O papel dos jornais

Por Dora Kramer Há vinte anos, um pouco mais talvez, Alberto Dines assinava uma coluna todos os domingos onde discutia, pioneiro e algo solitário, …

Por Dora Kramer
Há vinte anos, um pouco mais talvez, Alberto Dines assinava uma coluna todos os domingos onde discutia, pioneiro e algo solitário, o papel dos jornais, sua influência, seus erros e acertos. Hoje, também quase só, Dines leva em frente o debate num programa de televisão e pela internet. Não raro, torna-se incômodo e impertinente.
Pudera: instrumentos de poder junto ao poder, elevados à condição de porta-vozes da sociedade, os veículos de comunicação permanecem à margem do processo de readaptação das instituições brasileiras à democracia e na correção das injustiças e hábitos nefastos nos diversos setores. Estão fora dessa discussão, a não ser como juízes, nunca como personagens.

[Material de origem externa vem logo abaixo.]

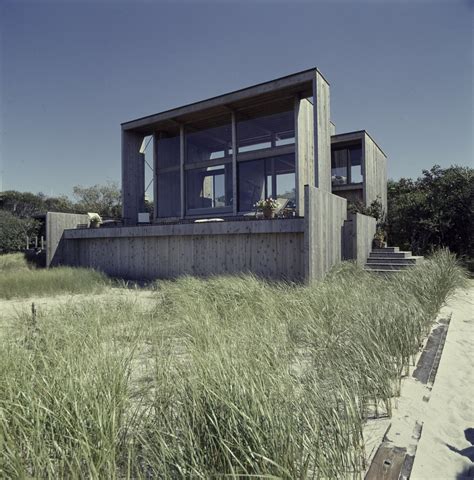 Photo 4 of 8 in Must-See Modern Beach Houses on Fire Island Tour - Dwell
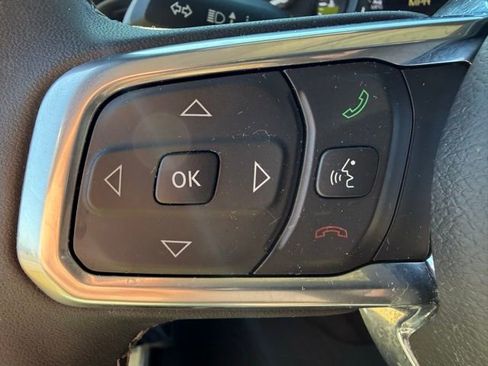 Used 2025 Jeep Wrangler Unlimited Sahara w/ Safety Group AWD/4WD image 15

Até mesmo pelas imperfeições que impedem o Estado de funcionar a serviço da população foi que a imprensa brasileira terminou assumindo tarefas que, em tese, não seriam dela: de delegacia de polícia a tribunal de pequenas e grandes causas - e, não raro, de inquisição, por equívoco de procedimentos -, jornais, revistas e televisões passaram a fazer de tudo. E também a serem demandados por tudo. Afinal, dada a rapidez e a amplitude da divulgação de informações, é na imprensa que os fatos reverberam e é nessa repercussão que o cidadão deposita sua esperança de solução.
Nem sempre dá certo, mas nos últimos anos, entre mortos e feridos - no que concerne a reputações -, deixaram de se salvar muitos vivaldinos. Natural, portanto, que nessa situação a imprensa adquirisse, como adquiriu, um poder e uma importância inéditos até então no Brasil. Conseqüentemente, seria também natural que o papel dos jornais, TVs e revistas fosse questionado pela sociedade, exposto à fiscalização. E aqui se fala de controle social, não de limitações.
Muito bem, mas, a pretexto da fidelidade a uma antiga e superada norma, segundo a qual "jornalista não é notícia", corre frouxa a imprensa. Um tanto sem critérios, meio no piloto automático naquilo que seria a expectativa de leitores, ouvintes e telespectadores, eufórica em seu papel de paladina das boas causas. Pois é neste item que residem vários problemas: vão desde a ineficácia das reparações quando cometidas injustiças até a ilusão da onipotência que faz, por exemplo, a emissora de televisão mais bem estruturada do continente deixar que um repórter assuma o papel de investigador de polícia. E faz isso - note-se que aqui se usa esse exemplo por causa da morte de Tim Lopes, mas a TV Globo não está sozinha na prática, adotada pela maioria dos veículos de comunicação - sem a menor preocupação com a proteção do profissional, descaso que aciona a polícia só no dia seguinte ao sumiço do jornalista.
Quem, afinal de contas, pensamos que somos? Todos nós, sem recorrer à atribuição exclusiva de culpas às chefias ou aos proprietários, mas distribuindo essas responsabilidades também conosco que produzimos o material noticioso do dia-a-dia. Para responder à pergunta acima - pensamos que somos seres acima do bem e do mal, do perigo, da violência e da injustiça - basta lembrar o quanto foi nos últimos anos valorizada a produção jornalística originada em procedimentos antes exclusivos de órgãos de informações e polícia: dossiês secretos, gravações misteriosas, filmagens às escondidas. Tudo isso confere premiações, jamais o questionamento da legalidade e legitimidade dos métodos.
Evidente que o jornalista fica, assim, estimulado a ir atrás do escândalo seja de que maneira for, travestindo-se de qualquer coisa num caso pronto e acabado onde os meios justificam os fins: a reportagem. E nisso estamos todos igualmente envolvidos. Sob os olhos complacentes dos escalões superiores passa de tudo: do estagiário que se apresenta à possível fonte com identificação falsa aos ávidos caçadores de dossiês, muitas vezes inocentes úteis nas mãos de bandidos cujos interesses foram contrariados, seja por gente honesta, seja pelo bando adversário. E já que perdemos Tim - que não pertencia à categoria dos deslumbrados, dos oportunistas nem dos inocentes, estava era cansado dessa guerra -, pelo menos que não percamos a oportunidade de olhar no espelho com um pingo do senso crítico que usamos para esquadrinhar a conduta do alheio.